Bubble sorting a linked list in C

Question

I have created a linked list of 5 nodes of type:

typedef struct node
{
    int i;
    struct node* link;
}node;

node* head = NULL;

When printing out, this gives:

4 3 2 1 0

The head pointer is set to point at 4. I have then written a function to bubble sort the linked list as follows:

void sort(void)
{
     node* cur = head;
     node* next = cur->link;
     node* prev = NULL;

     while(cur->i > next->i)
     {
        printf("cur is greater than next\n");

        while(prev != head)
        {
          cur->link = next->link;
          next->link = cur;
          head = next;
          next = cur->link;
          prev = head;
        }
        while(next != NULL)
        {
          prev->link = next; 
          cur->link = next->link;
          next->link = cur;
          prev = next;
          next = cur->link;
        }
        printf("second while loop exited\n");

        for (node* ptr = head; ptr != NULL; ptr = ptr->link)
        {
           printf("%d", ptr->i);
        }

        cur = head;
        next = cur->link;

      } 
}

There are various printf statements to check that the program is working.

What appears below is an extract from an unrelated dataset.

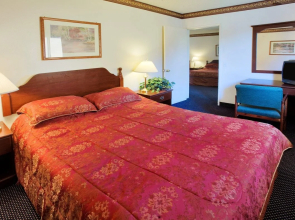 Anaheim Astoria Inn and Suites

What I find is that after the first run-through, 4 is successfully bubbled up as follows:

3 2 1 0 4

However, after re-setting the cur pointer to 3 and next to 2, the next run-through provides the following:

2 1 0 4 3

Ultimately, we finish with

0 4 3 2 1 

So as can be seen "3", "2" and "1" are being bubbled up too far. I have tried various conditonals in place of the third while loop to correct this but in the majority of cases this leads to seg faults. Of course, the other thing here is that my logic could be completely wrong and there may be a better way to implement this. Could you get away with just swapping the contents of nodes and not pointers themselves? Any help would be much appreciated. Thanks in advance

Answer 1

Ordinary bubble-sort implementations for sorting arrays make use of the direct addressing and a known size of the array: they naturally use indices, that is ordinal numbers of items, so they can easily shrink the area sorted as the work progresses, because they know how many items are already on their final places.

A linked list is processed purely sequentially, so it doesn't allow such simple optimization without adding artificial 'index', incremented along the list iteration. That's why it's easiest to iterate always through the whole list and terminate when no more items were swapped, hence the list is sorted:

void sort(void)
{
    int swapped = 1;

    while(swapped)
    {
        node **prev = &head, *curr, *next;

        swapped = 0;
        for(curr = head; curr; prev = & curr->link, curr = curr->link)
        {
            next = curr->link;

            if(next && curr->i > next->i)
            {
                curr->link = next->link;
                next->link = curr;
                *prev = next;

                swapped = 1;
            }
        }
    }
}

EDIT – some explanations in reply to questions in Matthew2015 comments.

Logical conditions in C expect a numeric or pointer expression which are considered 'true' if they are different from zero or different from NULL, respectively. That means while(swapped) is essentially equivalent to while(swapped != 0) and next && ... is equivalent to next != NULL && .... The condition in while(swapped != 0) means the loop will terminate when some execution of internal for does not set swapped to 1, which happens when no item in the list is greater than its successor – that is, when the list is sorted.

The for loop condition expression is curr alone, equivalent to curr != NULL. That makes the for loop iterate along the list until there is no 'current' node.

The node **prev variable points to a pointer, which points to the current node. When the 'current' and the 'next' node need to be swapped, then the 'previous' link should no longer point to the 'current' node but to the 'next' node instead. Of course one might keep the pointer to the 'previous node' and assign a new value to the (previous node)->link — but that would not work in case of the first node in a list, which has no 'previous node' but is pointed to by the head variable. One must use additional condition to verify if the current node is the first node to resolve this inconsistency. Having a pointer to pointer, which originally points to head and then to 'previous node'.link makes the whole code much simpler, shorter and also a bit faster.

Answer 2

I would look at the third while

    while(next != NULL)
    {
      prev->link = next; 
      cur->link = next->link;
      next->link = cur;
      prev = next;
      next = cur->link;
    }

Here you're always moving elements without testing whether they have to be moved - i.e. cur->i > next->i.

By the way, if it's guard is true, the second while gets executed only once and so it's the same as an if so I would use an if, at least for clarity reasons.